An advanced 4th generation assay for improved detection of acute HIV during the critical “window period”.
The HIV DUO provides the combined detection of anti-HIV-1 (groups M and O) and anti-HIV-2 total immunoglobulins + HIV-1 p24 antigen. It is the highest p24 Ag sensitivity test currently available.
Many of the 35.3 million people infected with HIV worldwide are unaware of their condition, as symptoms may be absent or non-specific.
In addition, there is a period of 3-4 weeks between exposure and the appearance of the first anti-HIV serum antibodies.
This HIV test is called a “DUO” test because it combines an antibody test for the HIV 1 & 2 strains of the virus with an antigen test for the p24 antigen.

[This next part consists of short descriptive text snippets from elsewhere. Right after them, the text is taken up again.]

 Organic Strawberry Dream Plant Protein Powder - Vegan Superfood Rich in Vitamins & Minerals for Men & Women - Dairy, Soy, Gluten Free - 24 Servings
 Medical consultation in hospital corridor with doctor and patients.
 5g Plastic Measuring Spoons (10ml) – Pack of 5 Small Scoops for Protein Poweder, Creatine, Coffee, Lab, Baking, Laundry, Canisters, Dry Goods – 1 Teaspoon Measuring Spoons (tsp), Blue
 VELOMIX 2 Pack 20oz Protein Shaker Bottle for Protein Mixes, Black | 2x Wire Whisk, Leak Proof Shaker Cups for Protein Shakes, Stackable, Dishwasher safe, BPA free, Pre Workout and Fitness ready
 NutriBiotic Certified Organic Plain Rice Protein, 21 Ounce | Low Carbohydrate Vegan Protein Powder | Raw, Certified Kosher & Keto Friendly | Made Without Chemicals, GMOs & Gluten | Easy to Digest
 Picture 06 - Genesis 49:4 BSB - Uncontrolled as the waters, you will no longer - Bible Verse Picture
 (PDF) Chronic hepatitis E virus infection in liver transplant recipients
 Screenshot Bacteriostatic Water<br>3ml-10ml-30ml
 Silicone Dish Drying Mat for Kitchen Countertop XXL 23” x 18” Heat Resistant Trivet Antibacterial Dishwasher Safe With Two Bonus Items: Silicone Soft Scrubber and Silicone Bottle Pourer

An antigen is a foreign substance that triggers the body’s creation of antibodies. With HIV, the p24 protein is the antigen that most commonly triggers an antibody response. During the first few weeks after someone becomes infected with HIV, p24 is produced rapidly and is detectable in the blood. Because the p24 test can detect HIV infection before the HIV antibody test can, it is used for diagnosing HIV early in the course of infection. Coupled with an antibody test, the HIV p24 antigen is very accurate in determining early on whether an individual has been infected with HIV. The HIV DUO test is extremely accurate at 28 days. Results are usually available the same day.
The HIV DUO test, including p24 antigen, is considered 99.8% accurate at 28 days, this accuracy increases to 99.9% at 90 days after potential contact.
After suspected exposure, when should you test for HIV and which test should be done?
At approx 2 weeks – HIV RNA, HIV DNA, p24 antigen (the p24 antigen becomes detectable at 14 days
after exposure – around 3 days after the HIV RNA –PCR test)
At approx 4 weeks –HIV DUO (antigen and antibody test)
After 6 weeks – Antibody ELISA tests or Rapid tests
This table is indicative only. It is recommended to consult a doctor before interpreting your test results.
The HIV ‘window period’
There’s a period of time after a person is infected during which they won’t test positive. This is called the “hiv window period.”
The window period can be from 9 days to 3-6 months, depending on the person’s body and on the HIV-test that’s used. During that time, you can test HIV negative even though you’re HIV infected. You can still catch HIV from someone who is in the window period. In fact, there is evidence that a person in the window period is more likely to pass the virus on.
If you think you have been exposed to HIV, call us to get a confidential HIV test.
If you test negative on an antibody test taken 3 months or longer after your last possible risk of possible exposure to HIV, you can feel safe in assuming that you do not have the virus. If for some reason you feel anxiety about relying on the 3-month result, you could opt to have another test taken again at 6 months.